GH in the form of Saizen was administered during the preceding menstrual cycle on days 2–3, which included injection of six vials over a 6 week period in the lead-up to OPU and equated to 54 IU over 33–37 days averaging 1.5 IU per day. For SciTropin, 0.3 mg GH was injected daily for 45 days prior to trigger, with patients receiving GH at precisely 1.0 IU per day up to OPU. All patients were stimulated with recombinant FSH using specific dosage algorithms as defined recently18 and in most cases (49.0% of cycles) using an antagonist protocol. Other older patients received a flare-agonist regimen (33.5%) or specialised downregulation protocols (17.5%)19 (table 1). Ovulation was triggered with human chorionic gonadotropin (HCG). OPU was undertaken 36 hours post-trigger under intravenous sedation using a double-lumen flushing/aspiration needle (Cook, Australia). The luteal phase was managed using HCG support.20 Additional support hormones were given as required (estradiol, progesterone or combined estradiol/progesterone pessary).
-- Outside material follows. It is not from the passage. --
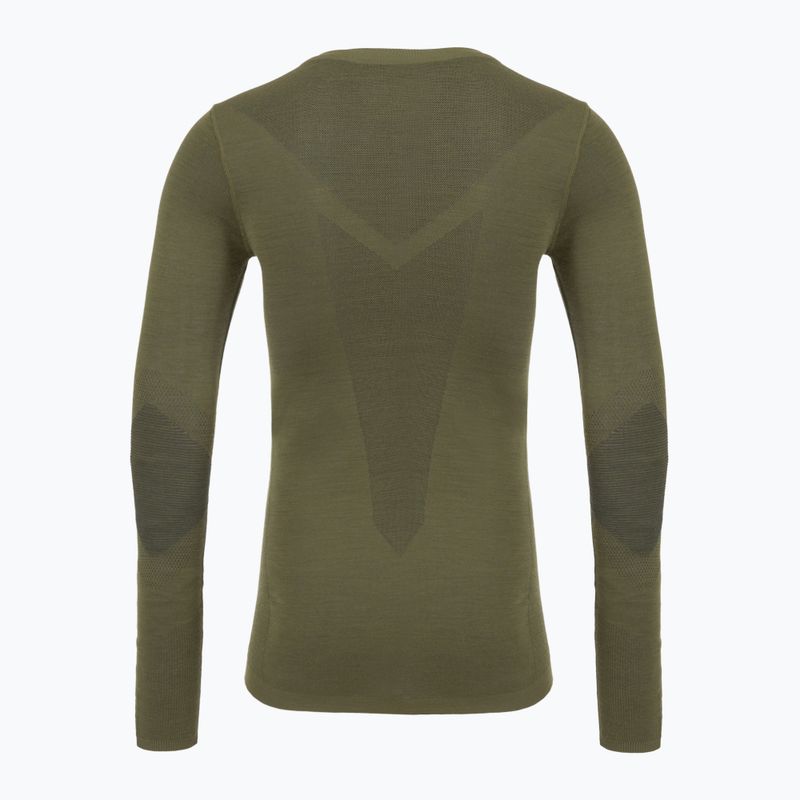 Pánska termoakčná mikina Smartwool Intraknit Merino 200 Crew winter moss 2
Where ≥12 oocytes were recovered, progesterone pessaries replaced HCG injections.

Table 1

Overview of main parameters for (–)GH and (+)GH groups

Variable	(–)GH	(+)GH	Total	p Value
Initiated cycles, n	378	220	601
Cancelled cycles, n (% initiated)	62 (16.4)	31 (14.1)	93	0.484		X
Cycles reaching OPU, n (% initiated)	316 (83.6)	189 (85.9)	505	0.484		X
Freeze all cycles, n (% initiated)	28 (7.4)	9 (4.1)	37	0.116		X
Failed OPU, n (% initiated)	19 (5.0)	4 (1.8)	23	0.075		X
Failed fertilisation, n (% initiated)	30 (7.9)	15 (6.8)	45	0.748		X
Cycles with fresh transfer, n (% initiated)	239 (63.2)	161 (73.2)	400	0.015	*	X
Patients, n	239	161	400	–
Age (years), mean±SD	37.5±4.3	39.1±4.1	–	<0.000	*	A
AMH (pmol/L), mean±SD	12.2±13.3	5.3±6.3	–	<0.000	*	A
BMI (kg/m2), mean±SD	24.4±4.8	24.2±5.5	–	0.719		A
Oocytes retrieved (n), mean±SD	7.7±4.3	7.2±5.1	–	0.236		A
Oocyte utilisation rate (%), mean±SD	33.4±21.2	44.4±27	–	<0.000	*	A
Two pronuclei generated (n), mean±SD	4.2±2.9	4.1±5.2	–	0.795		A
Fertilisation rate (%), mean±SD	56.6±22.9	58.9±23.1	–	0.311		A
Embryo utilisation rate (%), mean±SD	61.4±30.2	74.5±33.0	–	<0.000	*	A
High quality embryos proportion (%), mean±SD	32.9±24.5	37.0±27.4	–	0.120		A
Medium quality embryos proportion (%), mean±SD	41.3±22.5	38.5±24.7	–	0.238		A
Low quality embryos proportion (%), mean±SD	25.8±23.2	24.2±25.1	–	0.529		A
Antagonist cycle, n (% patients/transfers)	125 (52.3)	71 (44.1)	196	0.12		X
Agonist cycle, n (% patients/transfers)	81 (33.9)	53 (32.9)	134	0.91		X
Other cycle (downregulation), n (% patients/transfers)	33 (13.8)	37 (23.0)	70	0.022	*	X
Fresh ET cycles, n	239	161	400
Fresh ET pregnancy rate, n (%)	24/239 (10.0)	35/161 (21.7)	–	0.001	*	X
Fresh ET Live birth rate, n (%)	11/239 (4.6)	30/161 (18.6)	–	<0.000	*	X
Fresh ET miscarriage rate, n (%)	13/24 (54.2)	5/35 (14.3)	–	0.197	*	X

From the complete dataset, there was no significant difference between (+)GH cycles and (–)GH with regard to patient’s BMI, mean fertilisation rate, proportion of low, medium or high quality embryos generated, mean number of oocytes retrieved or mean number embryos with two pronuclei produced. However, more (+)GH patients reached ET, had greater oocyte and embryo utilisation rates, pregnancy and live birth rates, even though they were significantly older and had a significantly lower AMH in comparison to the (–)GH group. Pregnancy and live birth rates were calculated per ET.

*p=< 0.05.

A, t-test; AMH, anti-Mullerian hormone; BMI, body mass index; ET, embryo transfer; GH, growth hormone; OPU, ovum pick-up; X, χ² Fisher’s test.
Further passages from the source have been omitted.